**TASK BRIEF:** Exact reproduction is required for the lines below starting at the line with "Immeuble neuf luxueux avec vue mer" and ending at the line with "Used 2015 Red Nissan SL image 23", both included. No other lines, and no pictures.
** Opening INPUT MATERIAL block **
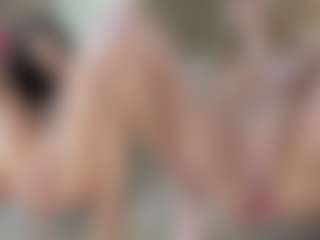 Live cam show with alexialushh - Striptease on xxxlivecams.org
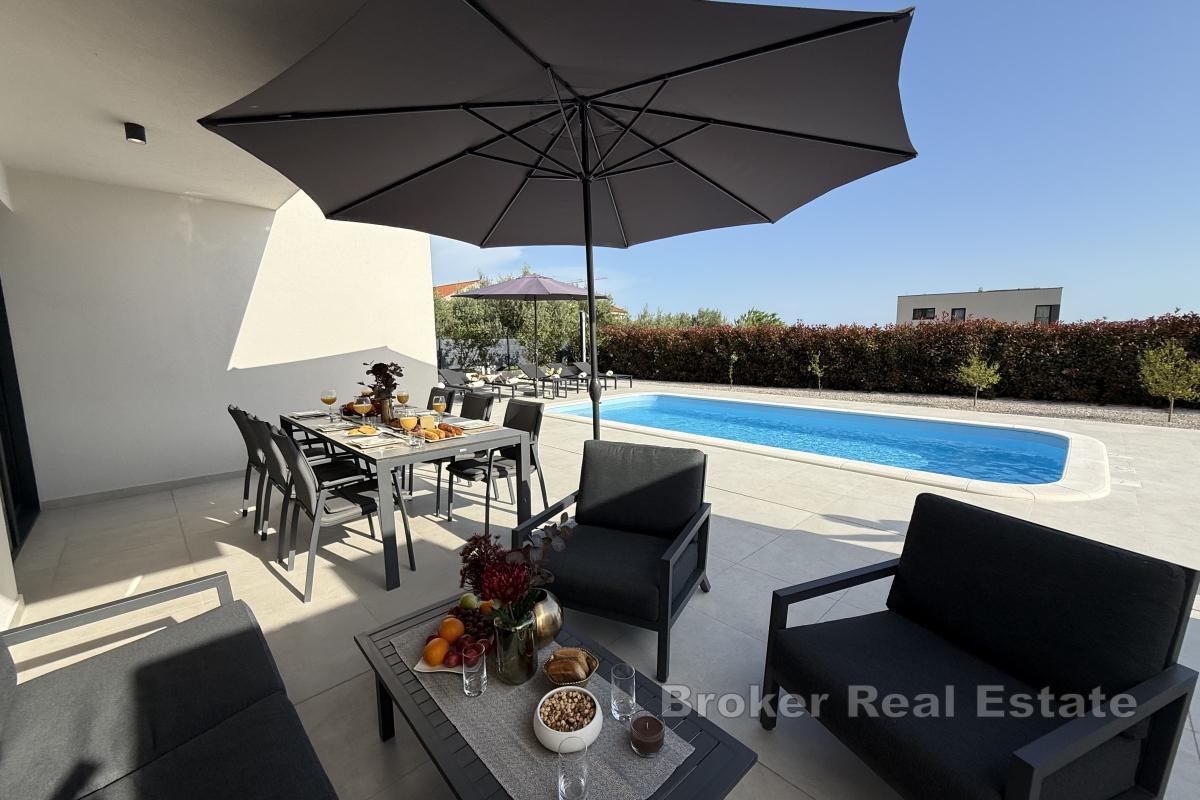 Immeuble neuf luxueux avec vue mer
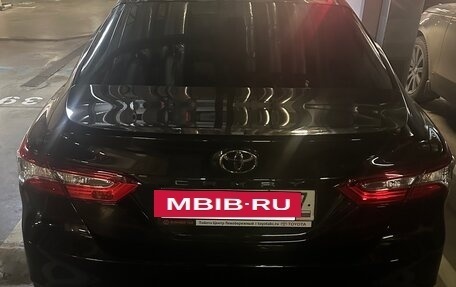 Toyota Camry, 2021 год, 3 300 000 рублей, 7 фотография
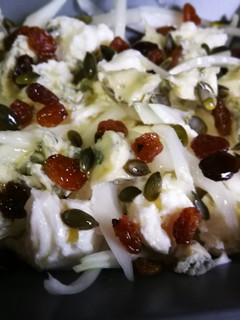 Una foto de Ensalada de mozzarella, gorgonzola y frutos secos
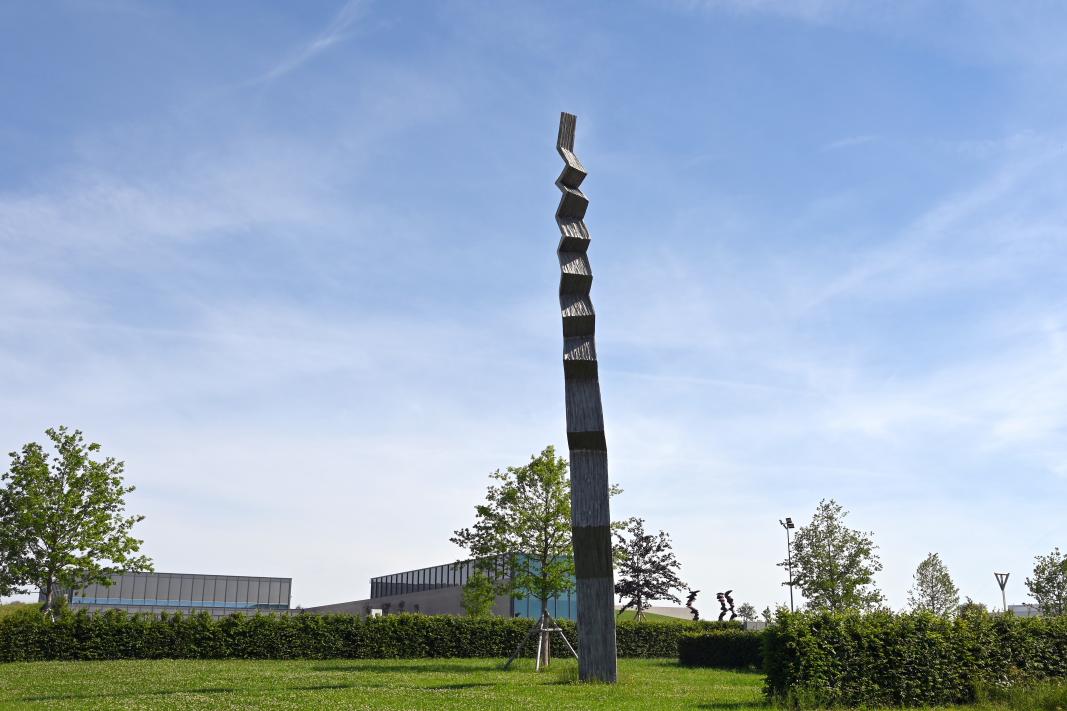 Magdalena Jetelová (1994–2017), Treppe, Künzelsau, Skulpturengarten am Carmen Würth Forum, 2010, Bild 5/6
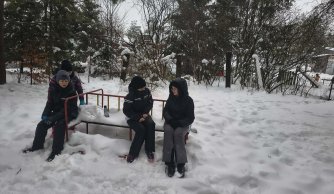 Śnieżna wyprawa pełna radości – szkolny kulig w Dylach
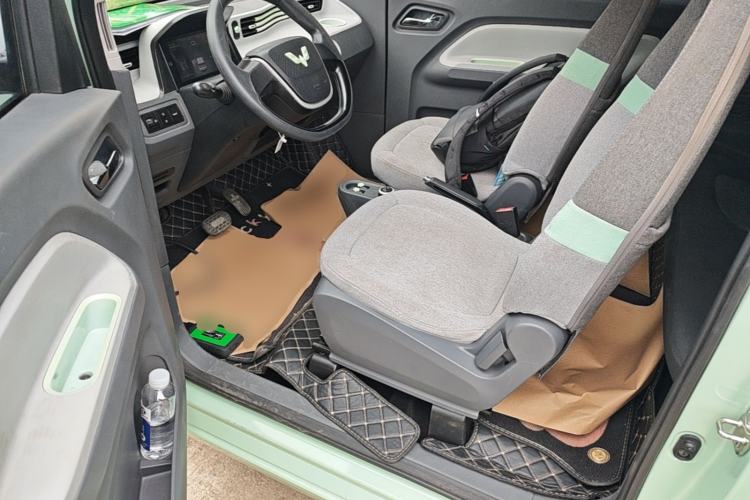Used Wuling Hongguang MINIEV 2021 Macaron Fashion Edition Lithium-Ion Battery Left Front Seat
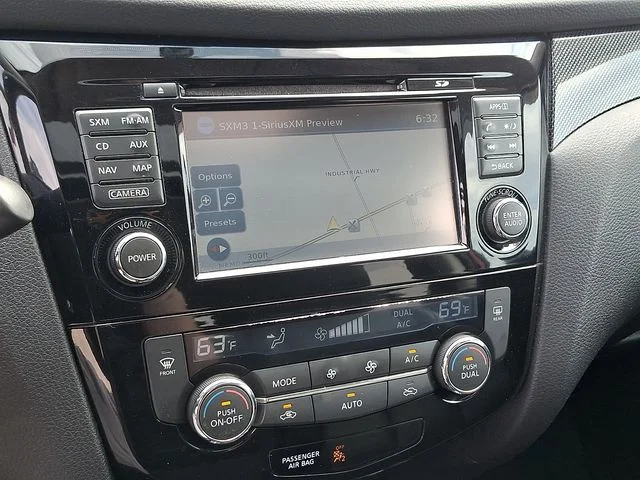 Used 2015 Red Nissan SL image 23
** Closing INPUT MATERIAL block **
** Opening INPUT MATERIAL block **
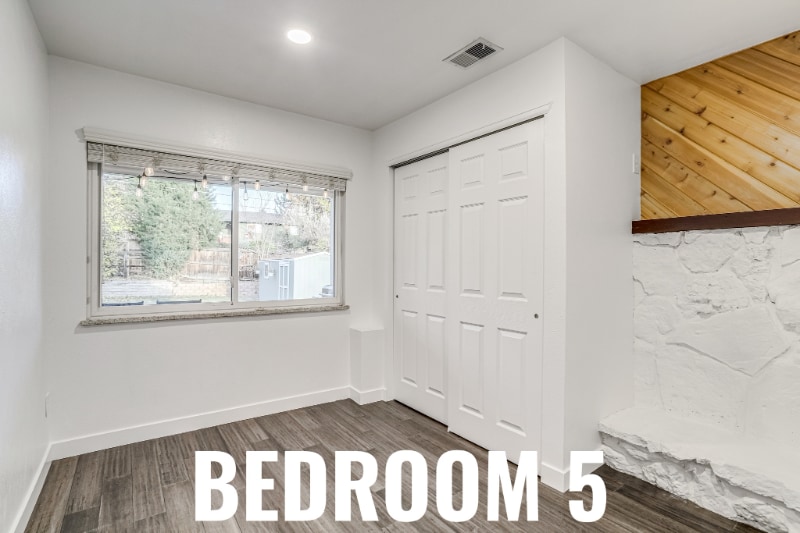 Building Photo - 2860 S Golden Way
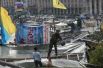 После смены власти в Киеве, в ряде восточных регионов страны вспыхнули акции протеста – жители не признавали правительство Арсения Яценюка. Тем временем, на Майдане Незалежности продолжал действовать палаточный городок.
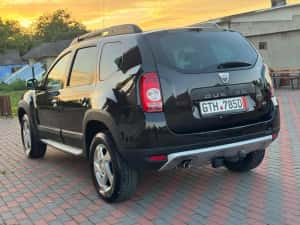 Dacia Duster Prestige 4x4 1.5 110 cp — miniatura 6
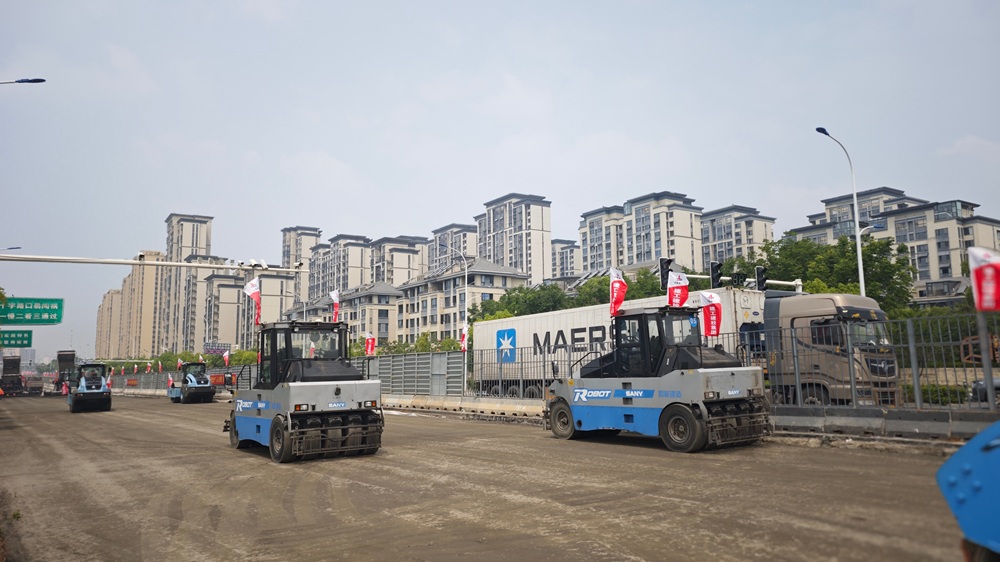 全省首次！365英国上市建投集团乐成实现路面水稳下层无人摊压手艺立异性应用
** Closing INPUT MATERIAL block **
**WRITTEN RESPONSE:**
 Immeuble neuf luxueux avec vue mer
 Toyota Camry, 2021 год, 3 300 000 рублей, 7 фотография
 Una foto de Ensalada de mozzarella, gorgonzola y frutos secos
 Magdalena Jetelová (1994–2017), Treppe, Künzelsau, Skulpturengarten am Carmen Würth Forum, 2010, Bild 5/6
 Śnieżna wyprawa pełna radości – szkolny kulig w Dylach
Used Wuling Hongguang MINIEV 2021 Macaron Fashion Edition Lithium-Ion Battery Left Front Seat
 Used 2015 Red Nissan SL image 23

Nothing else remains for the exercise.